I’m not 100% sure if this is providing any new functionality not provided by
existing cloudyr projects or is just wrapping them in a new API. I think
either is fine, but it would help to better understand why you’d want to use
flyio vs, say aws.s3 or the like.

Also, there are some aspects of the API that make me a little itchy. If I’m
reading the examples correctly, it seems like flyio_set_datasource sets a
global variable and then there are generic functions like list_files that do
different things based on that global state?

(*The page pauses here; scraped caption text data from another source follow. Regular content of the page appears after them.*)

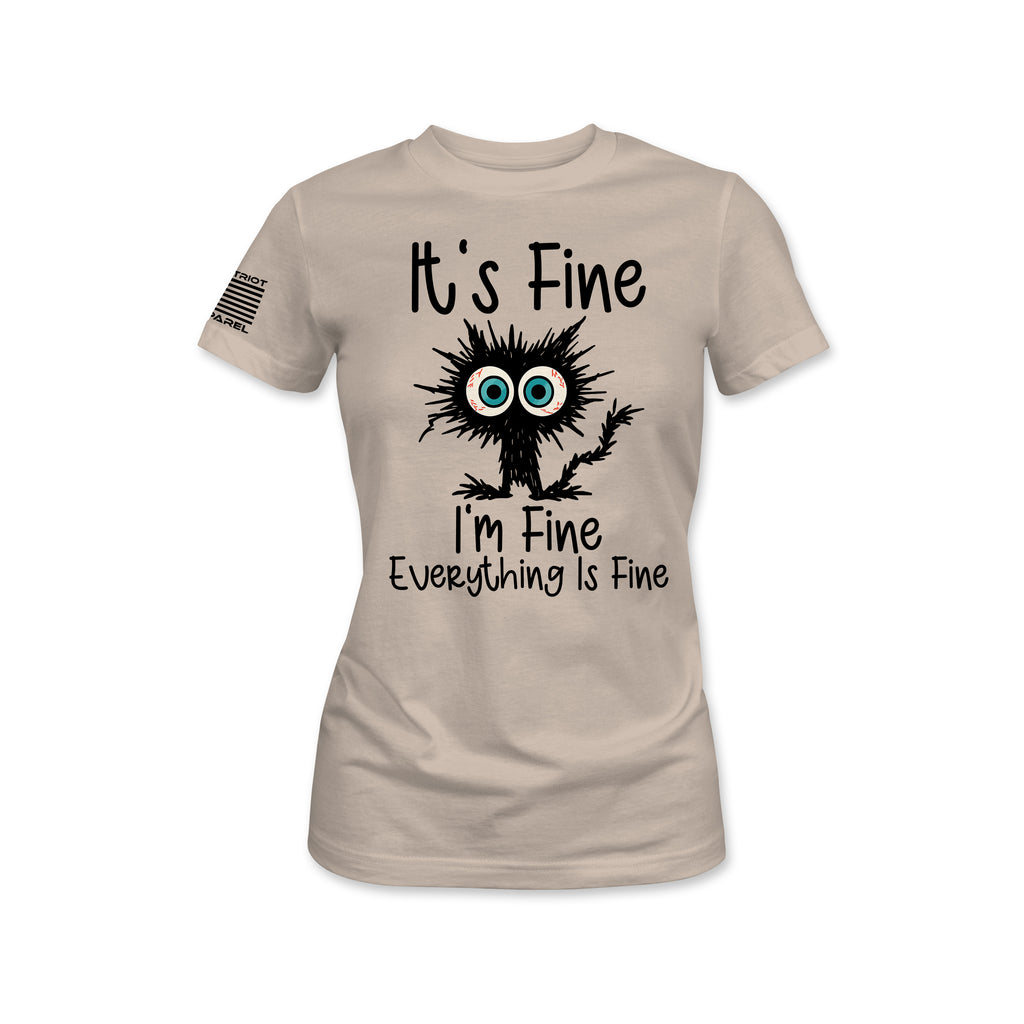 It's Fine Everything Is Fine Funny Tee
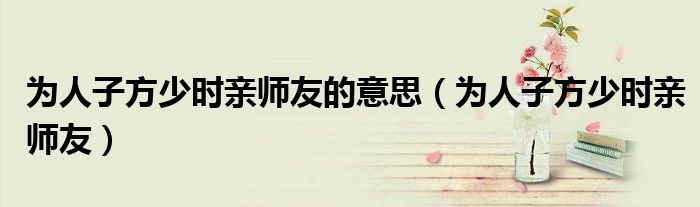 为人子方少时亲师友的意思（为人子方少时亲师友）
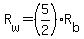 +R%5Bw%5D+=+%285%2F2%29%2AR%5Bb%5D+
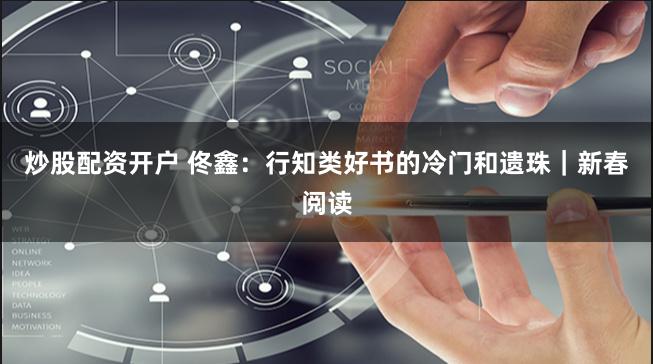 炒股配资开户 佟鑫：行知类好书的冷门和遗珠｜新春阅读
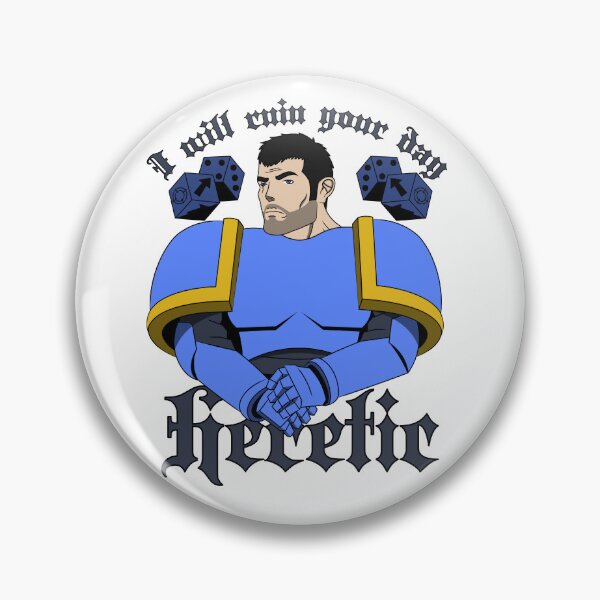 Item preview, I will ruin your day Heretic | funny 40K tabletop illustration designed and sold by ProdbyNiECO.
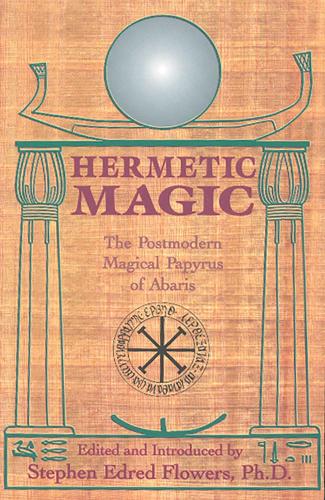 Hermetic Magic: The Postmodern Magical Papyrus of Abaris(English)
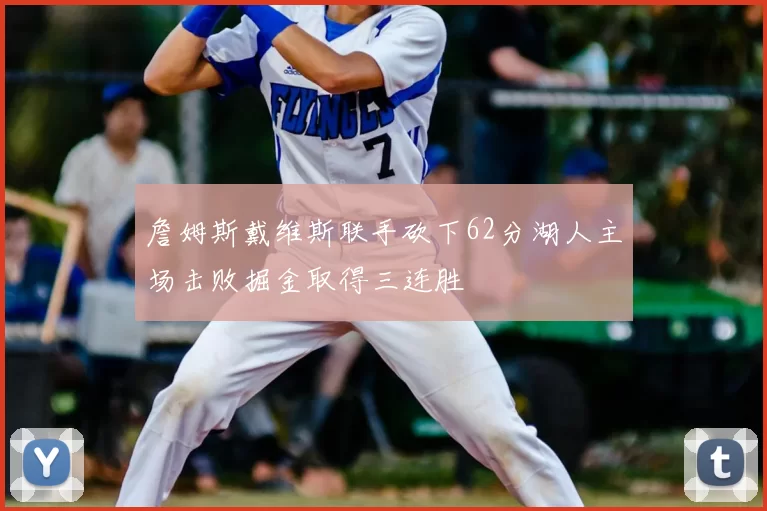 詹姆斯戴维斯联手砍下62分湖人主场击败掘金取得三连胜
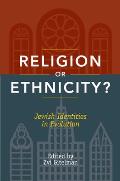 Religion or Ethnicity?: Jewish Identities in Evolution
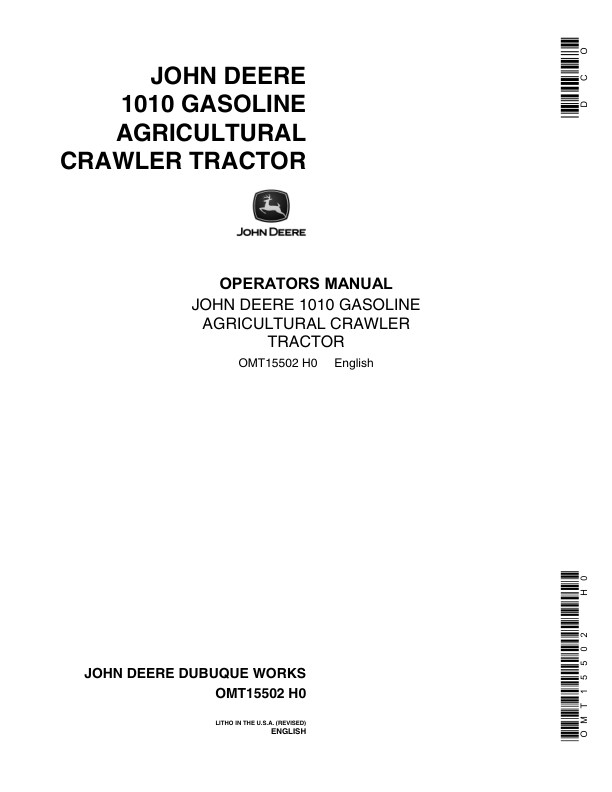 John Deere 1010 Gasoline Agricultural Crawler Tractor Operator’s Manual (OMT15502) Workshop Guide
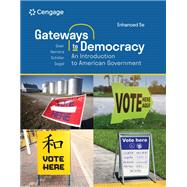 Book cover for Gateways to Democracy: An Introduction to American Government Enhanced, Loose-leaf Version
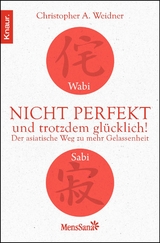 Wabi Sabi - Nicht perfekt und trotzdem gl&uuml;cklich! - Christopher A. Weidner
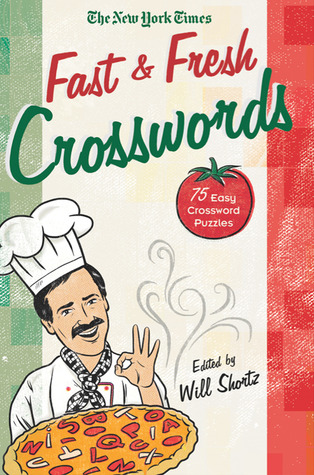 The New York Times Fast and Fresh Crosswords: 75 Easy Crossword Puzzles (Paperback)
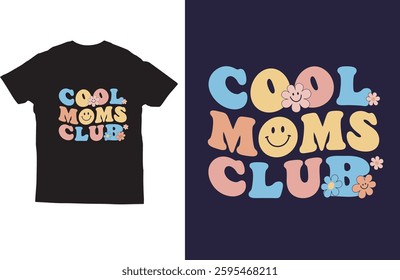 Cool moms club t shirt design vector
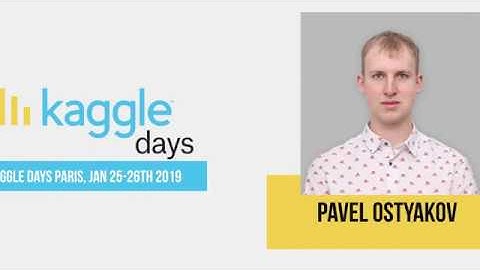 How to Win Kaggle Competitions | by Pavel Ostyakov | Kaggle Days Paris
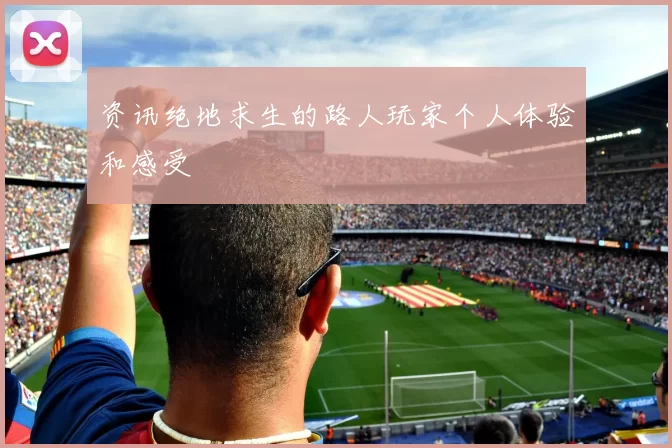 资讯绝地求生的路人玩家个人体验和感受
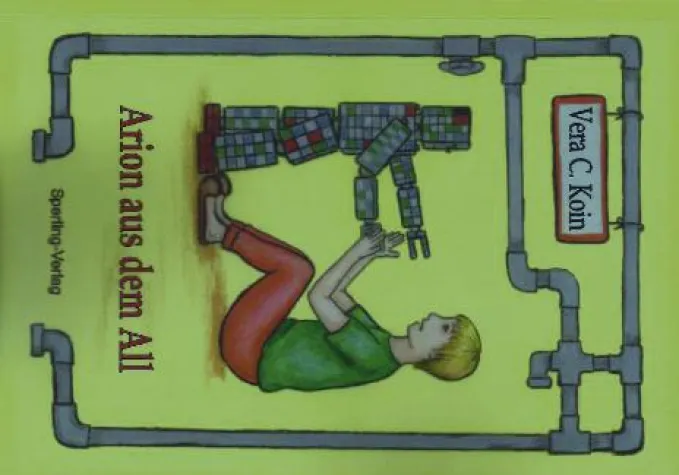 Arion aus dem All Abenteuer mit einem unsichtbaren Freund Bild: Arion aus dem All Abenteuer mit einem unsichtbaren Freund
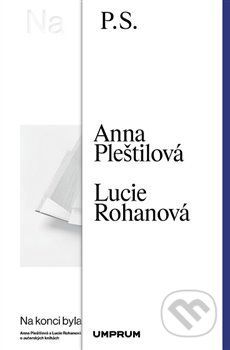 Na konci byla kniha - Anna Pleštilová, Lucie Rohanová
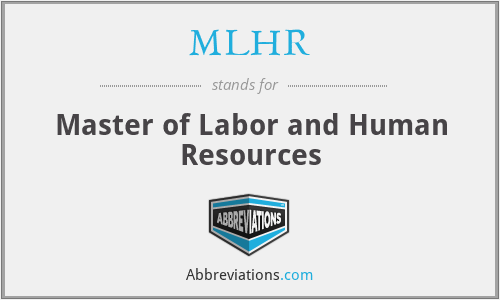 MLHR - Master of Labor and Human Resources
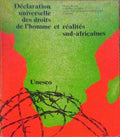 DÃ‰CLARATION UNIVERSELLE DES DROITS DE L'HOMME ET RÃ‰ALITÃ‰S SUD-AFRICAINES.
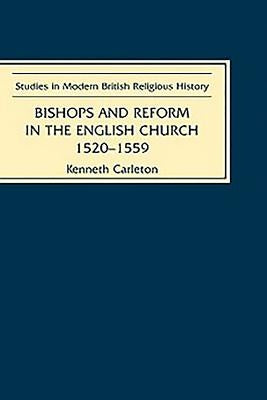 Bishops and Reform in the English Church, 1520-1559 by Carleton, Kenneth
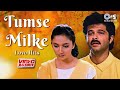 Tumse Milke Aisa Laga Tumse Milke Romantic Love Songs Video Jukebox Bollywood Hits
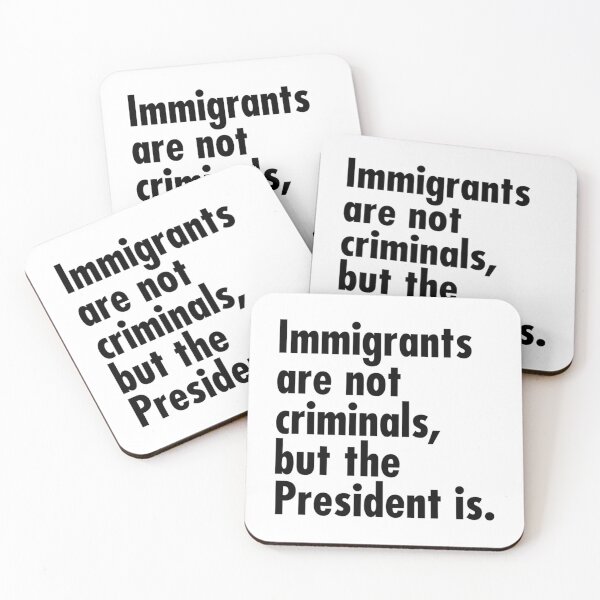 Item preview, Immigrants Are Not Criminals But The President Is - Black designed and sold by Anja Gillette.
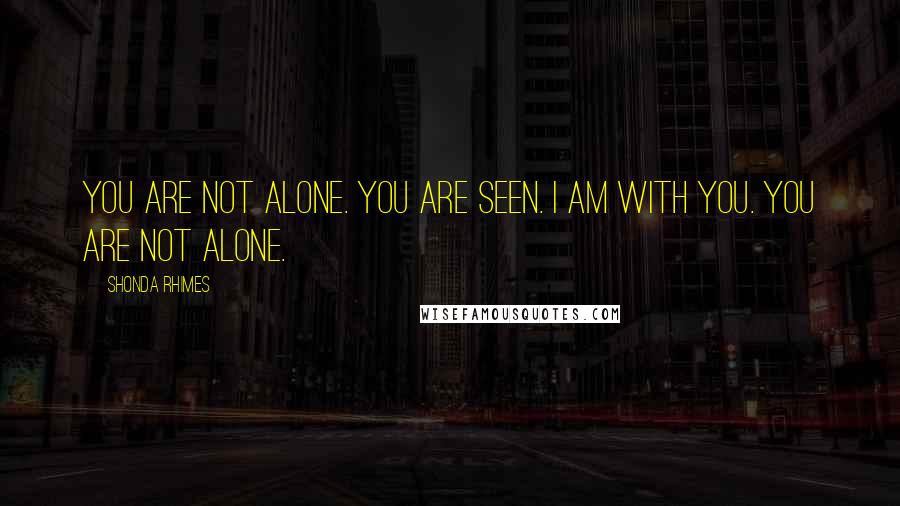 Shonda Rhimes Quotes: You are not alone. You are seen. I am with you. You are not alone.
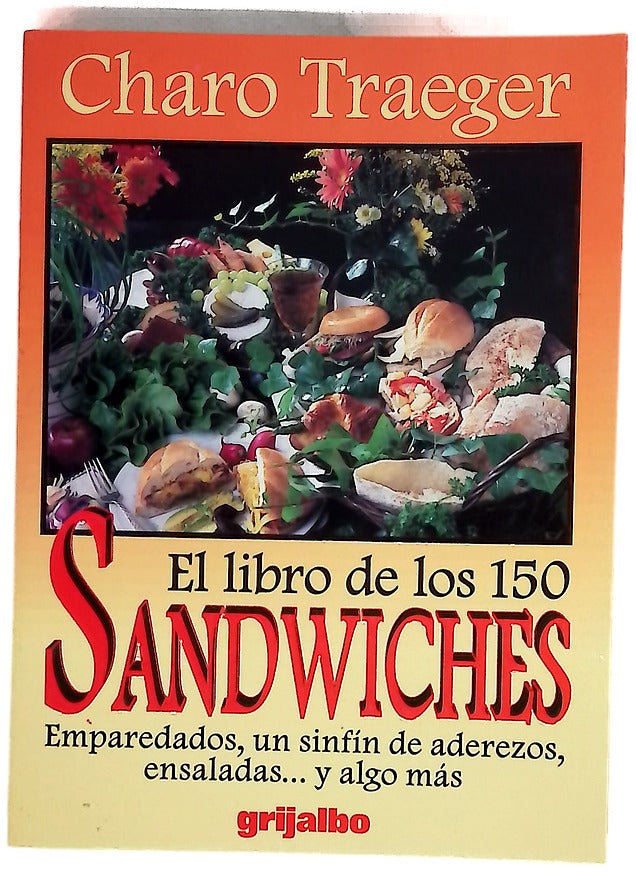 Libro De Los 150 Sandwiches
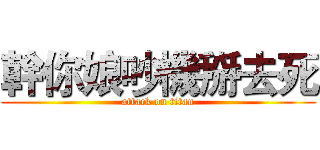 幹你娘吵機掰去死 (attack on titan)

That seems risky to me, and a more idiomatic approach to this would be to have
a function that returns a handle object representing a Google Cloud or AWS
service, then have generic functions take that handle and dispatch to
appropriate methods.

Even then, namespacing in R isn’t really a thing, and I worry that really
plain function names like list_files or export_file are likely to get
clobbered by other packages using names like that. For packages like readr
that are intended to actually replace large swaths of IO functions, that’s
fine. But I’m not sure it makes sense for a more specialized package like
this.

Despite that, I do appreciate you all creating and open sourcing this. Like I
mentioned, any work on cloud packages is welcome from my perspective!
Interested to see how this develops.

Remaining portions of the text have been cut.